The North Shore Channel is a drainage canal built between 1907 and 1910 to flush the sewage-filled North Branch of the Chicago River down the Chicago Sanitary and Ship Canal. The sewage carrying duty has been largely taken over by the Chicago Deep Tunnel, but there are still occasional discharges due to heavy rains.

Geography

The North Shore Channel flows from Lake Michigan, near the Bahá'í House of Worship in Wilmette, Illinois, to the North Branch of the Chicago River in Chicago.

A sluice gate usually prevents the canal from back-draining out to Lake Michigan, although the gate must be opened occasionally to prevent downstream flooding.
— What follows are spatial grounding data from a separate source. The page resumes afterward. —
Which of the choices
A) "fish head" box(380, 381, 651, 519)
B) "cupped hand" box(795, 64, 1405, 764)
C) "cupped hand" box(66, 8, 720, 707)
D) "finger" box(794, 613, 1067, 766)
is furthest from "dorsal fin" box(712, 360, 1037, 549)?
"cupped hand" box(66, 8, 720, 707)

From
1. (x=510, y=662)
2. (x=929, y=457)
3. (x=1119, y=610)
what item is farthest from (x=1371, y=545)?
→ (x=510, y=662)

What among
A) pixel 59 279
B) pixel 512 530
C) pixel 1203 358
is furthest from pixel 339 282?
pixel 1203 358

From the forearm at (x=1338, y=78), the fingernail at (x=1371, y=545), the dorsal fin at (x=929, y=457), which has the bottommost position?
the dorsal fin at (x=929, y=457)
The channel flows southwest, and then south, through or near Wilmette, Evanston, Skokie, and Lincolnwood, and into Chicago. The south end of the channel flows into the North Branch at approximately 5100 north and 3000 west in the Chicago street address numbering system. Chicago's only waterfall within the city limits, which looked like a concrete spillway, was in River Park, where the upper North Branch dropped about  through a dam into the confluence.  Starting in July 2018, the Army Corps of Engineers removed the dam, replacing it with a series of riffle pools, to allow fish to swim upstream.
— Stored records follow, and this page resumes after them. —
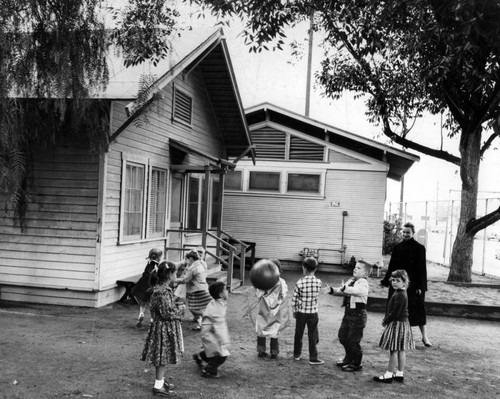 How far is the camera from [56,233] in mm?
9695

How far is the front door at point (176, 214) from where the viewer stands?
1305 cm

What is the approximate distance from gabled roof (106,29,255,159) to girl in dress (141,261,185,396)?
3.21m

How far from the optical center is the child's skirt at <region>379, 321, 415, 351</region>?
5.99 m

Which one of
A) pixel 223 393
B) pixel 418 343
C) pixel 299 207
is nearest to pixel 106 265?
pixel 223 393

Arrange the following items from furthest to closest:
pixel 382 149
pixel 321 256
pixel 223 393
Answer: pixel 321 256
pixel 382 149
pixel 223 393

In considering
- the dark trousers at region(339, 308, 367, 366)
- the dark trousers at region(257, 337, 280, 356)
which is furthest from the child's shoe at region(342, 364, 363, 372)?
the dark trousers at region(257, 337, 280, 356)

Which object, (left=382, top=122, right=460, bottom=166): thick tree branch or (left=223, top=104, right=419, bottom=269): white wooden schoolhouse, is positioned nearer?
(left=382, top=122, right=460, bottom=166): thick tree branch

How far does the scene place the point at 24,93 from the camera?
646 cm

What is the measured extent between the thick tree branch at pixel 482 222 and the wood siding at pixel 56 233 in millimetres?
11198

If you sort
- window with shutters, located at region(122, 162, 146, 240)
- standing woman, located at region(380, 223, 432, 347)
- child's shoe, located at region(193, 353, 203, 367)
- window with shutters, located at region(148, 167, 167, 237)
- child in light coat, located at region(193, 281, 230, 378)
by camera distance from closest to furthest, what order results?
child in light coat, located at region(193, 281, 230, 378) < child's shoe, located at region(193, 353, 203, 367) < standing woman, located at region(380, 223, 432, 347) < window with shutters, located at region(122, 162, 146, 240) < window with shutters, located at region(148, 167, 167, 237)

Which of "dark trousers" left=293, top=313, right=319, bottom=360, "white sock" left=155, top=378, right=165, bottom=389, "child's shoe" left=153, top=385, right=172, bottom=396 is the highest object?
"dark trousers" left=293, top=313, right=319, bottom=360

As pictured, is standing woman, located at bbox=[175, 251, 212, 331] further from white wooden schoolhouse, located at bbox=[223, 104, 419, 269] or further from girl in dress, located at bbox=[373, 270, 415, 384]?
white wooden schoolhouse, located at bbox=[223, 104, 419, 269]

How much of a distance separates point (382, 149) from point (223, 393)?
12.6 metres

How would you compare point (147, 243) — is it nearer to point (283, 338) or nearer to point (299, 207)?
point (283, 338)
Surrounded by parks and steep, wooded banks, - and the 18 hole Canal Shores Golf Course in parts of Wilmette and Evanston -  the canal provides a corridor for local wildlife. 

In 1999, the system of which the canal is a part was named a Civil Engineering Monument of the Millennium (as part of the Chicago wastewater system) by the American Society of Civil Engineers (ASCE).

General Recreation
Since the water quality improvement, fishing has become possible in the Channel. Bass and crappie are abundant, especially at the confluence of the Channel and the North Branch of the Chicago River, where the waterfall aerates the water. Canoeing and kayaking are allowed, with several put-in points along the length. 

In recent years the Channel has also become a popular rowing venue. It is home to the Chicago Rowing Foundation and the Loyola Academy and New Trier High School teams. The Channel is a great place for rowing due to its high banks that act as a shelter from the wind. The northern part of the Channel has hosted the University of Wisconsin and Syracuse University men's rowing teams for dual meets in 2016 and 2019.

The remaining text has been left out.